▸ **Material provided**:
+ + + + +
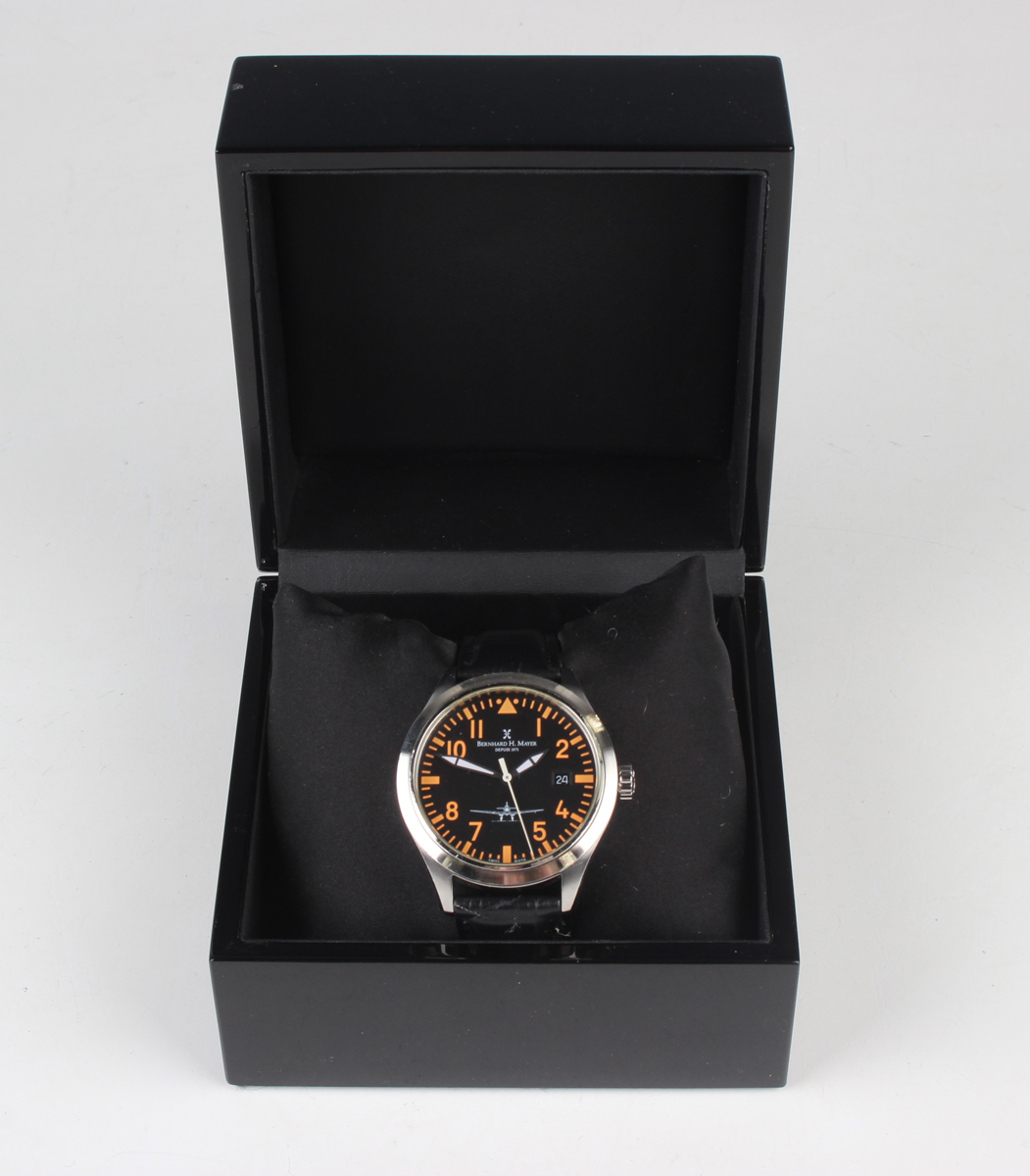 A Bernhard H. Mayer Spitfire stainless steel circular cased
+ + + + +
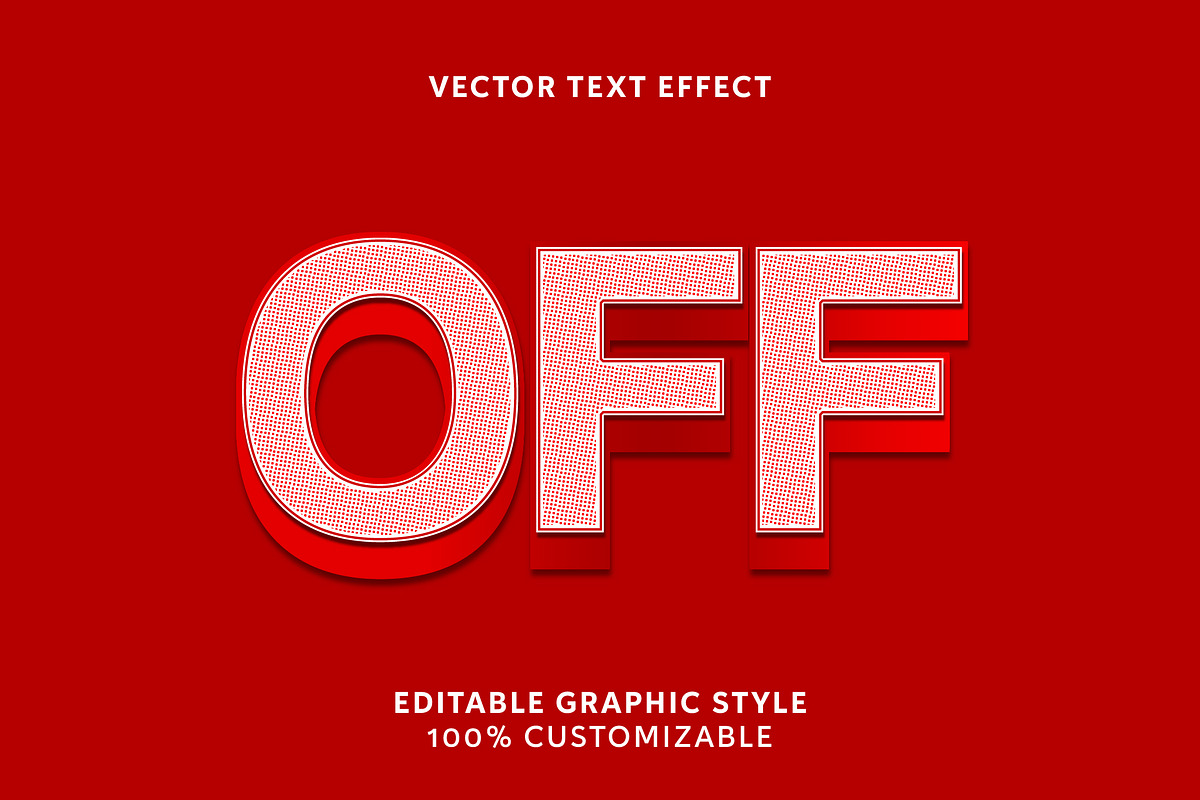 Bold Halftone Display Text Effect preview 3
+ + + + +
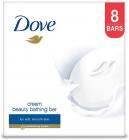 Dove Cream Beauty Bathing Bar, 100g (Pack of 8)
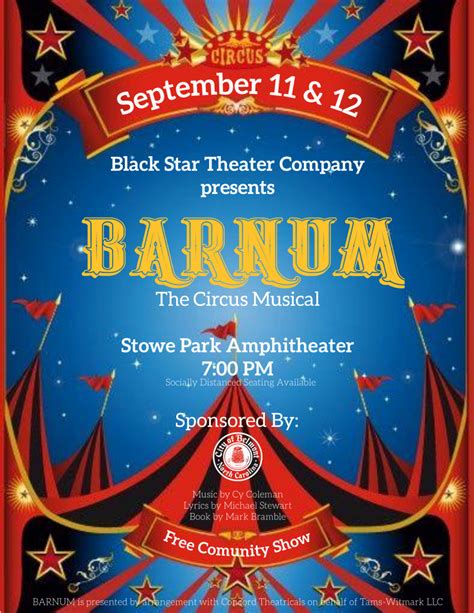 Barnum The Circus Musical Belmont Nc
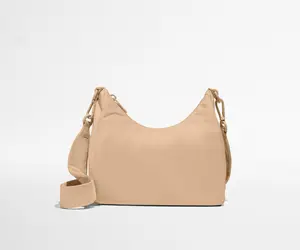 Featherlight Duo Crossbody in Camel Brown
+ + + + +
▸ **Prompt**:
Reproduce exactly the lines above that run from the one with "Dove Cream Beauty" to the one with "Featherlight Duo Crossbody in Camel Brown", both included, leaving pictures out.

▸ **Answer**:
 Dove Cream Beauty Bathing Bar, 100g (Pack of 8)
 Barnum The Circus Musical Belmont Nc
 Featherlight Duo Crossbody in Camel Brown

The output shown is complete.